Nuovi Ordini Mondiali

L’organizzazione internazionale Wiki Leaks, fondata nel 2006 dal noto giornalista, programmatore e attivista australiano Julian Paul Assange, ha recentemente ripubblicato 20.000 e-mail molto scottanti e imbarazzanti a proposito delle ultime elezioni primarie statunitensi.

Da questi documenti emergerebbe che l’intera classe dirigente del partito democratico statunitense si sarebbe coalizzata per evitare che il senatore del Vermont Bernie Sanders potesse vincere le primarie al posto della nota e familiare avversaria Hillary Clinton.

Ne ha parlato anche il regista e giornalista Massimo Mazzucco in un ottimo articolo apparso sul suo blog “Luogo comune” (www.luogocomune.net) il 25 luglio 2016 e giustamente intitolato “Quando i complotti fanno comodo al potere”.

Colti con le mani nella marmellata i dirigenti del partito democratico hanno scelto la soluzione più stupida e prevedibile insieme: dare la colpa all’intelligence russa, diretta ovviamente dal presidente Vladimir Putin.

Secondo questa fantasiosa ricostruzione e questo comodo complotto, citando direttamente lo stesso Mazzucco: “Putin sarebbe favorevole a una vittoria di Donald Trump“.
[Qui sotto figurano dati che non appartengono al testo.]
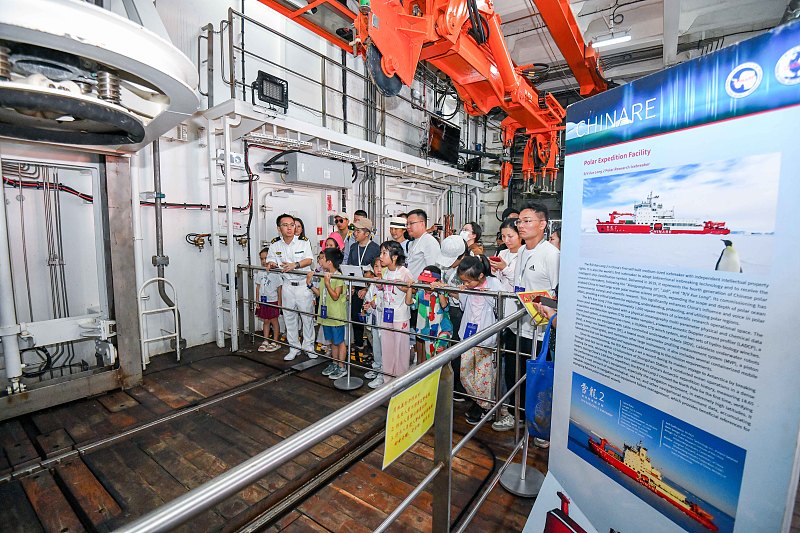 Chinas Eisbrecher ?Xuelong 2“ empf?ngt Besucher in Südchina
E ciò solo perché il candidato repubblicano ha dichiarato che, in caso di un improbabile attacco da parte dei russi, egli non interverrebbe necessariamente a sostegno dei paesi dell’organizzazione N.A.T.O. (North Atlantic Treaty Organization).

Ovviamente queste sono tutte assurdità atte a giustificare i Nuovi ordini mondiali che, durante gli ultimi Campionati europei di calcio, hanno eseguito l’arresto di alcuni presunti hooligans russi, minacciando poi addirittura di escludere la Federazione russa dai Giochi olimpici di Rio de Janeiro.

A queste notizie se ne aggiunge anche un’altra, diffusa pochi giorni fa dall’esperto di controinformazione Leo Lyon Zagami sul social network Facebook a proposito del possibile vice presidente, appena nominato dalla Clinton, Timothy Michael Kaine (per gli amici semplicemente Tim): egli avrebbe infatti studiato presso scuole gesuite.

Si corre dunque verso un’Europa sempre meno libera, sempre più ostaggio dell’O.N.U. e della N.A.T.O., ma soprattutto sempre più simile all’America latina; una creazione, com’è noto, degli stessi gesuiti.

Prosegue così a vele spiegate quel misterioso progetto “Pan-Europeo” che contempla fra i suoi obbiettivi anche quello della creazione, tramite massicci flussi migratori, di un meticciato di razze da poter distinguere in modo netto e chiaro al famoso Sang Réal delle stirpi aristocratiche ancor oggi al potere.

Nella foto un’immagine del villaggio olimpico di Rio de Janeiro.